William Alexander at Rain Taxi book review writes:

Here's the punch line: Old King Hamlet was an inadequate king because he was gay, an evil person because he was gay, and, ultimately, a demonic and ghostly father of lies who convinces young Hamlet to exact imaginary revenge on innocent people. The old king was actually murdered by Horatio, in revenge for molesting him as a young boy—along with Laertes, and Rosencrantz, and Guildenstern, thereby turning all of them gay. We learn that Rosencrantz and Guildenstern are now "as fusty and peculiar as an old married couple. I pity the woman who tries to wed her way into that house."

Hamlet is damned for all the needless death he inflicts, and Dead Gay Dad will now do gay things to him for the rest of eternity: "Welcome to Hell, my beautiful son. At last we'll be together as I always longed for us to be."

All of this is as horrifying as it is ridiculous. It is not, however, surprising that Orson Scott Card's primary purpose is to slander ten percent of the human race. He recently joined the board of the National Organization for Marriage, an institution which exists solely to crush gay civil rights wherever they emerge.

Check out a sample of Card's prior writings on gay people here.
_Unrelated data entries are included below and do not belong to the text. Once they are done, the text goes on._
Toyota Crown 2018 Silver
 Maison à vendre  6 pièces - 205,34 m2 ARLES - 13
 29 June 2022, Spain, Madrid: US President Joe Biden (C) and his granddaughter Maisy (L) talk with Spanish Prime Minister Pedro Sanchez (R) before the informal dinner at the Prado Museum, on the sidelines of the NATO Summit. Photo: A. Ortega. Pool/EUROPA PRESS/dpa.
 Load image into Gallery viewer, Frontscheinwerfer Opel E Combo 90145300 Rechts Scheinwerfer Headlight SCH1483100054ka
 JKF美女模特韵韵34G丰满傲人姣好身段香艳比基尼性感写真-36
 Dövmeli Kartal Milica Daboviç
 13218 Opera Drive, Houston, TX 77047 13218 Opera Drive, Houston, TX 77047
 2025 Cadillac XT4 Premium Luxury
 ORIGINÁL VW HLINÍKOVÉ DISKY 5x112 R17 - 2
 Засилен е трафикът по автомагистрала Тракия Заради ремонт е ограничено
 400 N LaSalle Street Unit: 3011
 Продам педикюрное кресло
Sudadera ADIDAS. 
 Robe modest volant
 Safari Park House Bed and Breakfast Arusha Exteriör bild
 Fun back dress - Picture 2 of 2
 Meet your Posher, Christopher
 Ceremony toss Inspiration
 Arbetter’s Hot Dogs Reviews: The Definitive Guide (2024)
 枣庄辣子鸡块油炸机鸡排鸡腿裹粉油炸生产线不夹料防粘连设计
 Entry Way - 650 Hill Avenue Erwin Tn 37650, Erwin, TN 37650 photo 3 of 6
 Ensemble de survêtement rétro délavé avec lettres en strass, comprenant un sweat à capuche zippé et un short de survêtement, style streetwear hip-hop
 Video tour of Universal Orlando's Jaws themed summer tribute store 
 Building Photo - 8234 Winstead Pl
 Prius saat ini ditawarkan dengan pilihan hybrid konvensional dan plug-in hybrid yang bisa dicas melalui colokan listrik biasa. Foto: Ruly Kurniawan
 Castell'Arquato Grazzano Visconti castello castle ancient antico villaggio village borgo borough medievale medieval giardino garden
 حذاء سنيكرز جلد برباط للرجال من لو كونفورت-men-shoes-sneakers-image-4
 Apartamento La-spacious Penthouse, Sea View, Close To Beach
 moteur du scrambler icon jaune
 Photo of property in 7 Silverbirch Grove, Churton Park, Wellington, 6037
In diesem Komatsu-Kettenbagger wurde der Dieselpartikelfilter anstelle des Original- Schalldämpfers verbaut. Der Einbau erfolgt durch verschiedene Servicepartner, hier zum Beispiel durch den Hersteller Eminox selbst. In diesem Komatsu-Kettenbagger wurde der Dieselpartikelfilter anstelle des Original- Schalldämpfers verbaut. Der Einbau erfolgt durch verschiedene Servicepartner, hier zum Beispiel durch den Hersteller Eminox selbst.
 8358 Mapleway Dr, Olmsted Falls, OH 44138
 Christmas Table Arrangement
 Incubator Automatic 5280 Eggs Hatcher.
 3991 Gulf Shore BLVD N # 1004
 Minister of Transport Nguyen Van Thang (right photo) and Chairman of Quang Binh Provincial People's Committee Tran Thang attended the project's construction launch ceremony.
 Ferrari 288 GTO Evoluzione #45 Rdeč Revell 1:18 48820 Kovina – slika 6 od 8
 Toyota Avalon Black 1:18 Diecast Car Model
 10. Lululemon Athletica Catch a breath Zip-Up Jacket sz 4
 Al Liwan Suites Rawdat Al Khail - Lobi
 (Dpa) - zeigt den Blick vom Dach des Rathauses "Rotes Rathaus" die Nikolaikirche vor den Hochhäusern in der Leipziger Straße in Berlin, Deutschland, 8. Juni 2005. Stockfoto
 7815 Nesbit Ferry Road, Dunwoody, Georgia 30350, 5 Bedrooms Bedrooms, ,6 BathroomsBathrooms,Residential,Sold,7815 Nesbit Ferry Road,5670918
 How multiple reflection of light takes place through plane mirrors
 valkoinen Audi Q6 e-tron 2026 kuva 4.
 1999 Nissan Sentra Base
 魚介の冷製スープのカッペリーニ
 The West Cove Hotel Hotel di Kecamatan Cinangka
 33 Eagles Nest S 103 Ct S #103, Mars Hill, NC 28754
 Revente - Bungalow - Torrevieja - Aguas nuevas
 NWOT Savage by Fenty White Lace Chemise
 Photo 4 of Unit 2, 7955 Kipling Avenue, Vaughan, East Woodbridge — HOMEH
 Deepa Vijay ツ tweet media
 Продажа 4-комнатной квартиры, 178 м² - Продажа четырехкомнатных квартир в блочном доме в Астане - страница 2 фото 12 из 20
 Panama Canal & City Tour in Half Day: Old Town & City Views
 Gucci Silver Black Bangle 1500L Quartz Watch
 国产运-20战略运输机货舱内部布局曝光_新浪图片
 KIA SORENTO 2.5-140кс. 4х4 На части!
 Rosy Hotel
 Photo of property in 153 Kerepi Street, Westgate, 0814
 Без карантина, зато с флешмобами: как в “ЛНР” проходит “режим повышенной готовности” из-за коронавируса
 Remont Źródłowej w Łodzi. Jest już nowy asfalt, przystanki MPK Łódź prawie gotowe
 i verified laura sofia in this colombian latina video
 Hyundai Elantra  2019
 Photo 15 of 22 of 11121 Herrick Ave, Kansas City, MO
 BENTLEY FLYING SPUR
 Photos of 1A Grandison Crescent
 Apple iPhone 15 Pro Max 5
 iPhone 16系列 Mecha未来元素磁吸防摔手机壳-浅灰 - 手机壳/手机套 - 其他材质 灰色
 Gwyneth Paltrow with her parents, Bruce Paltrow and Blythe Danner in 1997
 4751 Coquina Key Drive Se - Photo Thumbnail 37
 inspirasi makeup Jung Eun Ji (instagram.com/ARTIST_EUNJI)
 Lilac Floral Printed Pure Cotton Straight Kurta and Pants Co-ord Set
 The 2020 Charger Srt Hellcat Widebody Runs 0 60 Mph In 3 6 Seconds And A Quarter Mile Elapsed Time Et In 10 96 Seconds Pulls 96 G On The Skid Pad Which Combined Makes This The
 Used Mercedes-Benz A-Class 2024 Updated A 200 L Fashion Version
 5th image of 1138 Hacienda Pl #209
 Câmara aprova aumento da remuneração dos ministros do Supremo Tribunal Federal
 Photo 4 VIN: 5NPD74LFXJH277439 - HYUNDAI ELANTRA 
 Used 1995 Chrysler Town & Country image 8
Adds Jeremy Hooper: "How long before NOM has him rewriting The Merchant of Venice so that said merchant is cast out of business for refusing to photograph a lesbian wedding? Or maybe Romeo & Juliet 2, where the lovers are tragically fated not because of family strife, but rather because of the committed gay couple in the castle down the road?  Or perhaps The Merry Wives of Windsor rebranded as a warning sign about same-sex marriage leading to polygamy?  So many options!"